We know from his debut that Nemes is unafraid to tackle big themes, and the period just before the epoch-changing moment when the “Guns of August” plunged Europe into a bloody conflagration certainly fits the bill. His aim is nothing less than to capture with disorienting images the moment when Europe committed suicide. “This suicide remains a mystery until this very day,” he’s quoted as saying, yet calling the causes of World War I a mystery is ridiculous, on any level, and certainly doesn’t help our understanding of one of recent history’s most troubling watershed moments. “Sunset” is his flip-side to Murnau’s “Sunrise” (why oh why do so many directors feel the need to appropriate the 1927 masterpiece?), yet that film was grounded in human emotions buffeted by modernity, whereas Nemes jettisons all but a simulacrum of humanity in favor of a questionable subjectivity.

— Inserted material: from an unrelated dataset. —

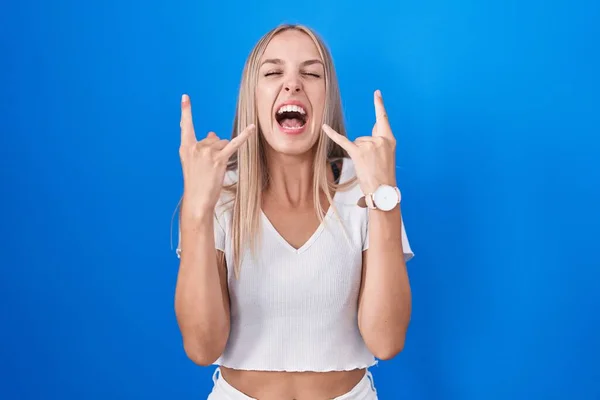 Young Caucasian Woman Standing Blue Background Shouting Crazy Expression Doing — Fotografia de Stock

Irisz Leiter (Juli Jakab) arrives in Budapest from Trieste looking for work at the city’s most renowned millinery establishment, which not coincidentally bears her name. Orphaned in mysterious circumstances (never revealed) at the age of two, she’s trying to connect with her legacy through the shop her parents once owned, but the new proprietor Oszkár Brill (Vlad Ivanov) sends her away, clearly threatened by her presence. Stepping out of the boutique’s rarefied atmosphere into the cacophonous streets of 1913 Budapest thrusts her into the jarring hubbub of modernity and affords Nemes the kind of sudden transition he does so well. At a boarding house she’s attacked by Gáspár (Levente Molnár), an unstable coachman muttering something about the Leiter son; Irisz knows nothing about a brother, so tries to find some answers.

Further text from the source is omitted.